_Available data:_
═══

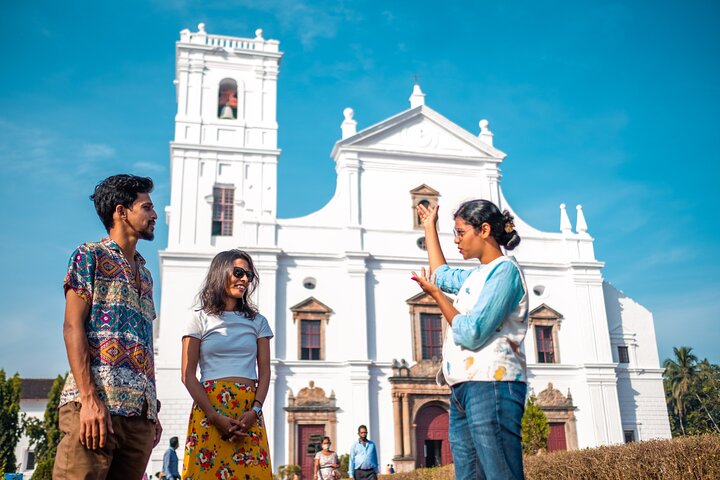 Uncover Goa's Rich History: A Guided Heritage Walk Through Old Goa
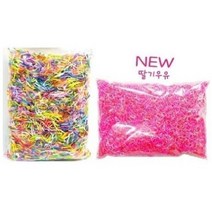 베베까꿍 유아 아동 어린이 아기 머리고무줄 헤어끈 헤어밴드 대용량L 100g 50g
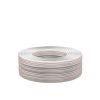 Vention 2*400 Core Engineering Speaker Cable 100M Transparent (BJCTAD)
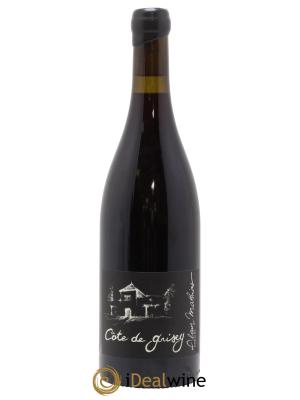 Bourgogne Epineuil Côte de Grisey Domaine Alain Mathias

═══

The result should be a transcript of the lines from the line containing "베베까꿍 유아 아동 어린이" through the end of the listing above, exact, inclusive, and without pictures.

 베베까꿍 유아 아동 어린이 아기 머리고무줄 헤어끈 헤어밴드 대용량L 100g 50g
 Vention 2*400 Core Engineering Speaker Cable 100M Transparent (BJCTAD)
 Bourgogne Epineuil Côte de Grisey Domaine Alain Mathias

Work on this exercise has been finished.